[Your task] All records below are to be duplicated exactly, with every picture excluded.

————————

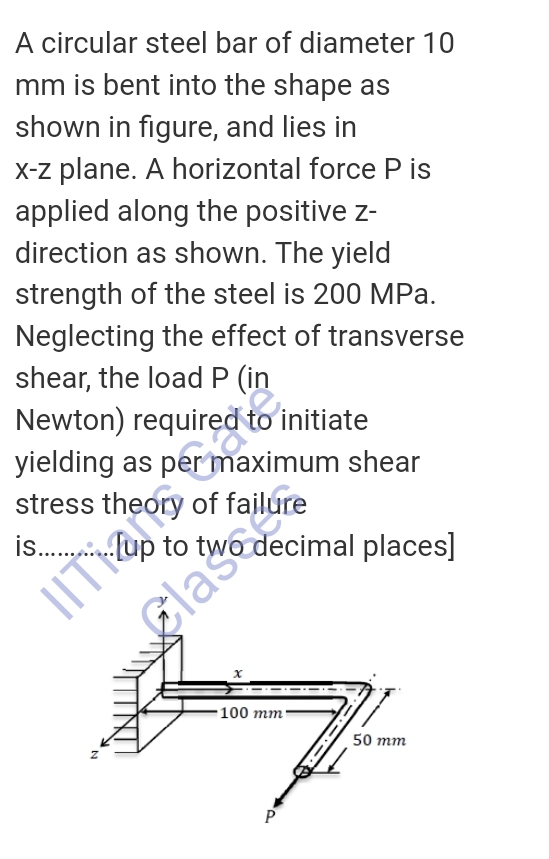 A circular steel bar of diameter 1 0 mm is bent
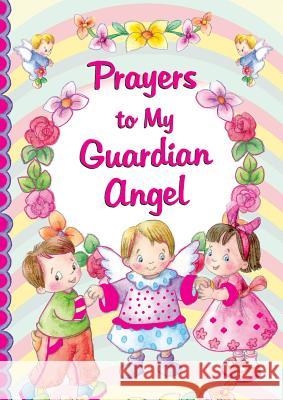 Prayers to My Guardian Angel Thomas Donaghy 9780882713991 Regina Press Malhame & Company - książka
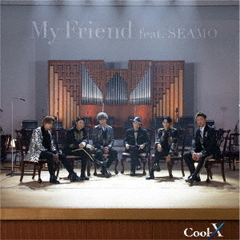 Cool-X／My Friend feat. SEAMO（TYPE-B）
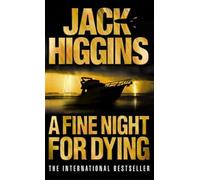 Jack Higgins A Fine Night for Dying (Tascabile) Paul Chavasse series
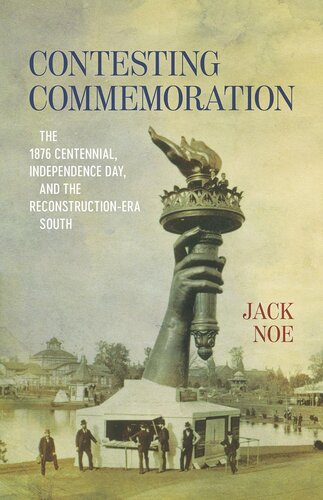 Contesting Commemoration: The 1876 Centennial, Independence Day, and the Reconstruction-Era South (Conflicting Worlds: New Dimensions of the American Civil War)
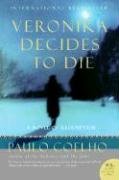 Veronika Decides to Die: A Novel of Redemption Coelho Paulo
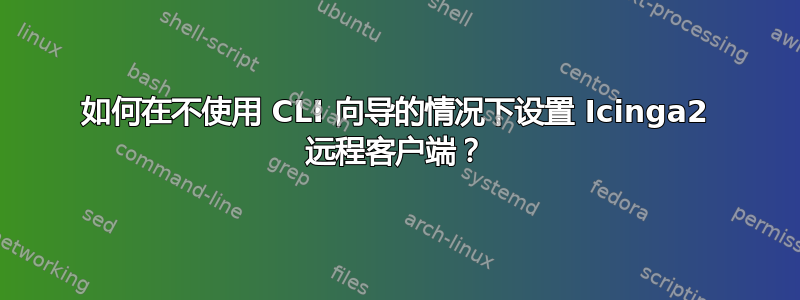 如何在不使用 CLI 向导的情况下设置 Icinga2 远程客户端？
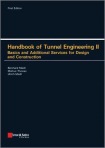 Handbook of Tunnel Engineering II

————————

[Response to this task]
 A circular steel bar of diameter 1 0 mm is bent
 Prayers to My Guardian Angel Thomas Donaghy 9780882713991 Regina Press Malhame & Company - książka
 Cool-X／My Friend feat. SEAMO（TYPE-B）
 Jack Higgins A Fine Night for Dying (Tascabile) Paul Chavasse series
 Contesting Commemoration: The 1876 Centennial, Independence Day, and the Reconstruction-Era South (Conflicting Worlds: New Dimensions of the American Civil War)
 Veronika Decides to Die: A Novel of Redemption Coelho Paulo
 如何在不使用 CLI 向导的情况下设置 Icinga2 远程客户端？
 Handbook of Tunnel Engineering II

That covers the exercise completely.